Il suo nome è immediatamente associato a quello di Bruce Springsteen a cui è legato da profonda e lunga amicizia ed un importante sodalizio artistico. Ma Little Steven (Steven Lento all’anagrafe a tradire le sue origini italiane – tra la Calabria e Napoli) ha anche una sua carriera solista, non certo prolifica ma reale e concreta (fatta di sette dischi). E’ anche autore conto terzi, produttore e noto volto televisivo (nella serie Soprano e Lilyhammer).

Nel corso di questo 2017 Little è tornato con “Soulfire” un disco a suo nome in compagnia dei The Disciples Of Soul. E’ un gran bel disco in cui il chitarrista americano mette in campo e sue passioni musicali mischiando soul e rock (dichiarandolo apertamente sin dal titolo). Con la fedele band ha preso armi e bagagli ed approfittando dello stop degli impegni della E Street Band è tornato dopo 25 anni, a girare l’Europa (e gli States) per presentare la sua musica.

Little Steven scaletta

In Italia era già passato la scorsa estate con un concerto a Pistoia nell’ambito del Pistoia Blues Festival a cui è seguito l’annuncio di altre 3 date in Italia. Di queste purtroppo solo una ha avuto luogo per sopraggiunti impegni televisivi di Little Steven (o Steve “Miami” Van Zandt). Le annunciate date di Roma e Padova verranno recuperate nel corso dell’estate 2018.

C’era (alla luce anche del buon disco realizzato) molta attesa per questo concerto che in effetti non ha tradito le aspettative. Pochi brani (si inizia con una cover di Tom Petty) e Steve si ferma per parlare e spiegare al pubblico, lo farà altre volte nel corso del concerto. Dice che negli anni ’80 si parlava molto di politica, i suoi testi erano politicizzati ma che questo ora non c’è più e che “siamo qui per fare un viaggio nella musica delle mie radici e di quelle del rock’n’roll” e via che parte con un bluesaccio stile Chicago (Etta James).

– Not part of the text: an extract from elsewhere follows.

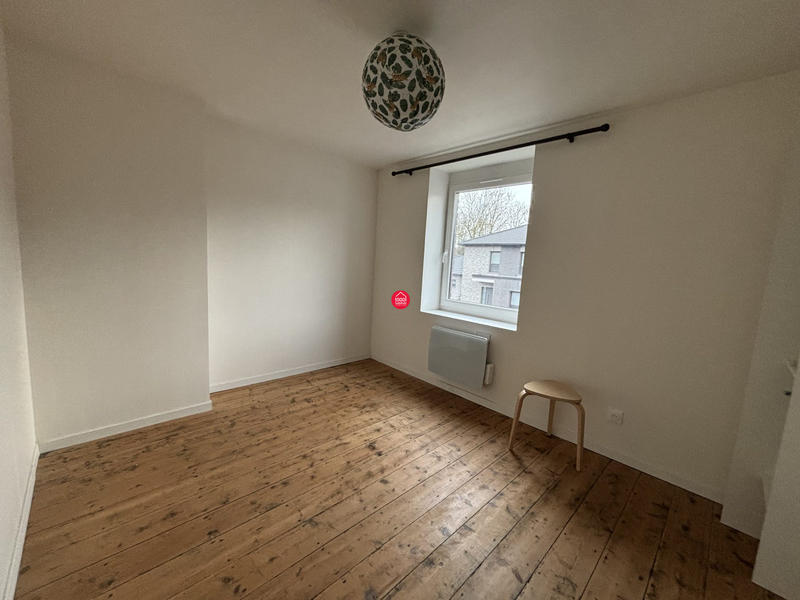 Maison - 67 m² - 5 pièces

Colpisce subito la potenza e completezza sonora dello spettacolo. Dietro di lui c’è infatti una band di 14 elementi (dunque in 15 sul palco) composta da un altro chitarrista, basso, batteria, percussioni, organo, piano, tre supersexy coriste e una sezione fiati di 5 elementi. Una large band in tutti i sensi sia come numero che come qualità: macinano musica con una tecnica incredibile, ora in maniera compatta ora lanciandosi in performance personali di grande livello. Il ruolo di chitarra solista il più delle volte se lo prende Steven. I brani rispetto alle versioni in studio si dilatano, dando spesso modo a tutti i musicisti di sfogare e mostrare le loro abilità ma non è un mero esercizio di stile. Il concetto però è quello di “una band sul palco” non di un “uomo solo al comando” (ricorda qualcuno?)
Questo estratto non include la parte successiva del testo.